The presence of ice and snow on certain of the higher mountains rendered tyre choice a most vital matter, for the use of studded tyres on dry tarmac would produce bad times just as much as unstudded ones on ice or snow. Most teams had a variety of tyres available for their cars and service planners had one headache after another as they struggled to find means of transporting stocks of tyres around a route which would be virtually sealed off by the police from all except competing cars.

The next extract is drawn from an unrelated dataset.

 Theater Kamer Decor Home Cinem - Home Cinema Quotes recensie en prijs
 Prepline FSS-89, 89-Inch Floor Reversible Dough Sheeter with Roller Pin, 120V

Such varying road surface conditions also put a premium on the sort of advance knowledge fed back to competitors by the ice-note crews employed by the professional teams in the Monte Carlo Rally. Again the road closures made proper, detailed ice-noting a difficult, sometimes impossible task, but men were nevertheless despatched to the higher cols to send information back by radio or by phone. In such cases there would be no detailed ice and snow information marked on the competitor’s pace notes, but at least they would know where on each climb the ice would begin and where on each descent it would end. That would give them sufficient information to make the right choice of tyres.
It was precisely in this department that the Fiat organisation made their big mistake. Although they had a man up on the third special stage over the Col de Vergio, for some reason or other he either failed to get the right information back or got it back to have it ignored down below. The entire Fiat team went over that test on racing tyres, with drastic results when they found themselves skating uncontrollably on seven kilometres of ice. Many went off and all lost time and from that moment never recovered. Fiat had already lost the World Championship title which it had chased from the beginning of the year.
The rally then became a fight between Lancia and Alpine, Jean-Pierre Nicolas (Alpine-Renault A110) holding the lead in the first half and part of the second before being passed by the powerful Stratos of Jean-Claude Andruet and “Biche”, the young French girl whose real name is Michele Petit. Munari’s Stratos went out with a broken valve and Ballestrieri’s when a fanbelt slackened and the car ran out of charge. The 24 finishers (from 102 starters) were led home by the Stratos, Nicolas’ Alpine 110 and Thérier’s Alpine 310.
If Lancia formulates a comprehensive programme for 1975 and both Alpine and Fiat (with its soon-to-be-homologated X.1/9) follow suit, rallying could well take on a different face with so many lightweight, specialist cars in the running. But there will always be a place for more conventional machinery, for after all the sport will always remain (despite the ill-informed attempts of acid-penned killjoys to say otherwise) the finest mobile test bed available to the motor industry. What is more, a mere glance at the results of the RAC Rally will show you that conventional family saloons frequently come out best.—G.P.